I know that NextSeq is only for short amplicons, ~150bp or around there, but I am still curious if anyone has used it for 16S sequencing? Nextseq gives around 120 million reads back compared to a Miseq for a similar price.
However, I know NovaSeq can handle larger amplicons and it gives back more than a billion reads. But I have not seen anything on people using it for 16S sequencing. Anyone know why? Seems way more cost-effective.
I don’t run a sequencing core, but I’ve worked closely with folks who own both the Illumina MiSeq and NextSeq 550.
The Illumina MiSeq and NextSeq 550 are really different machines.
I think the MiSeq is commonly used for 16S analysis because of it’s longer reads (300 bp, paired end) and sweet spot for an amplicon study. With ~300 barcodes and 15 Million reads per run, you would hopefully get ~50k reads per sample, which is a reasonable number for an amplicon study.
While the NextSet 550 offers many more reads, the EMP primers still just offer ~300 barcodes. (Other barcoding schemes let you process more!) Plus, it might be preferable to sequence a longer region for better taxonomic resolution, than simply increase read depth. 300 bp > 6 million reads per sample
Oh, and buying one MiSeq is less expensive than buying one NextSeq 550
But the NextSeq 550 is super reliable, and the MiSeq is ~11 years old.
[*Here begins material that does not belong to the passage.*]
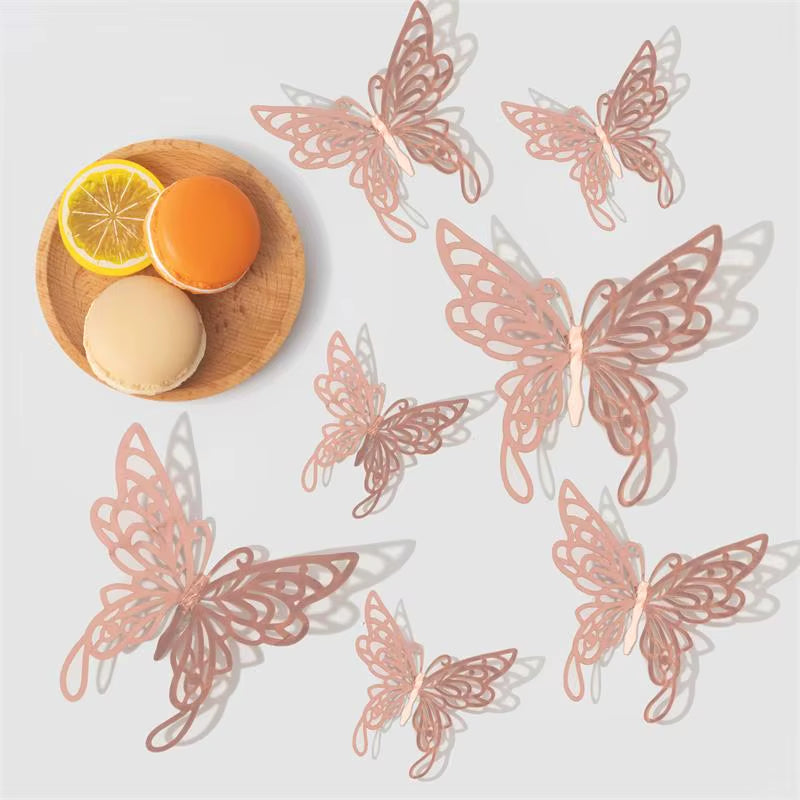 12Pcs 3D Hollow Butterflies Wall Stickers on the Wall for Wedding Decoration Children Room Decor Living Room Kids Bedroom DIY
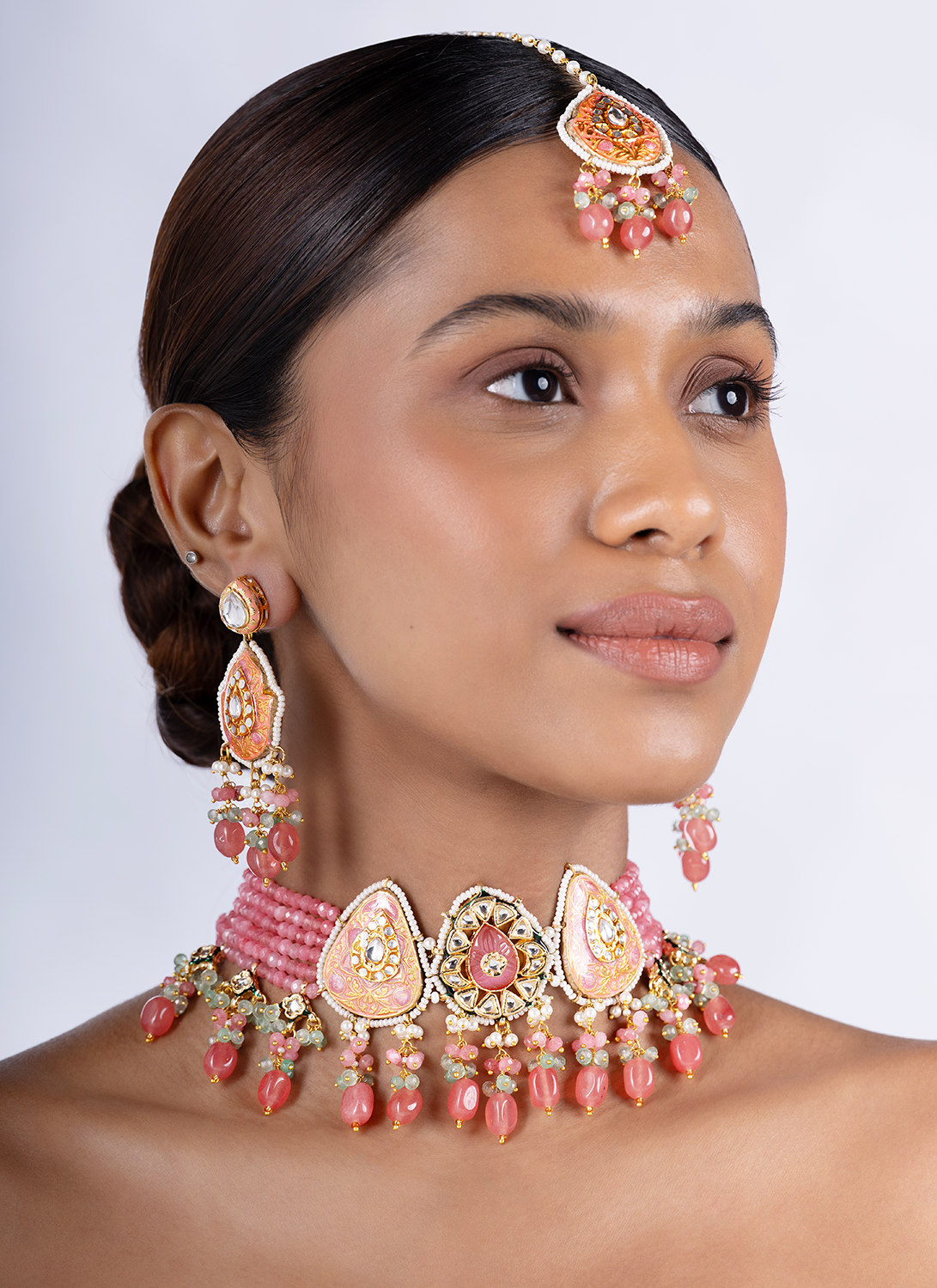 Multicolor Pink Beaded Choker Set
- cheap machine, long reads, low depth, delicate
- expensive machine, shorter reads, greater depth, reliable
Are you planning to buy one of these machines, or learn more about the platforms before buying a run from a company or sequencing core?
P.S. If someone on here does run a sequencing core, please correct my mistakes! I would love to learn more about the NovaSeq, as I’ve not worked with one before!
Apologies on not answering this: my notifications were on a different email. Thank you for the detailed response. I agree with the differentiations between the NovaSeq and Miseq.
I thought it would be timely to leave a reply now however, as I am seeing that cores are offering NovaSeq 2x250 paired end sequencing at more reasonable prices. At 1.3-1.6B reads I think this could be huge for microbiome science. I am just not sure how well this has been validated for 16S sequencing.
If anyone on here has more info on that, it would be much appreciated!
Our group has been using the Novaseq. So far it offers tremendous sequencing depth while allowing very high multiplexing. We are still sorting out the bioinformatics end of things though. The volume of data obtained complicate and slow down analyses quite a bit. Also, it seems that we obtain a very large number of OTUs/ASVs compared to earlier techniques. I don’t have a lot more to add at the moment, but would enjoy hearing from others that may have bioninformatic tips and tricks.
This is pretty interesting. Do you have any samples that have been thrown into both a miseq and a novaseq for direct comparison? You could then compare the taxonomic composition of OTUs from each sequencer to see if the NOVAseq is spitting out OTU’s that make taxonomic sense rather than junk.
Also were you using the 16S 515F-806R region?
Would love to hear more as you dig through the data.
I have been using Novaseq now for amplicon sequencing instead of Miseq.
Even I did not sequence same samples in both platform.I can tell Novaseq is way better than Miseq.
Base quality is much better and sequence depth is doubled.There is no reason to use Miseq if you have chance to use Novaseq.
I too was concerned about junk sequences, but we have not done a good comparison with Miseq (or some other platform) yet. Note that Singer et al. 2019 did such a comparison and suggest that the NovaSeq is just plain better: https://www.nature.com/articles/s41598-019-42455-9
We have used the 515-806 for 16s and its1f-its2 for its1.
In some of our preliminary work using vsearch to generate OTU tables, we have made truly monstrous tables (Tb size) that are impractical. We are considering hdf5 and other tools to try and reduce memory footprint. If anyone has suggestions I would love to hear them. Similarly, I am curious regarding compute time for dada2 operations for such large data. I haven’t had a chance to do any benchmarking myself yet.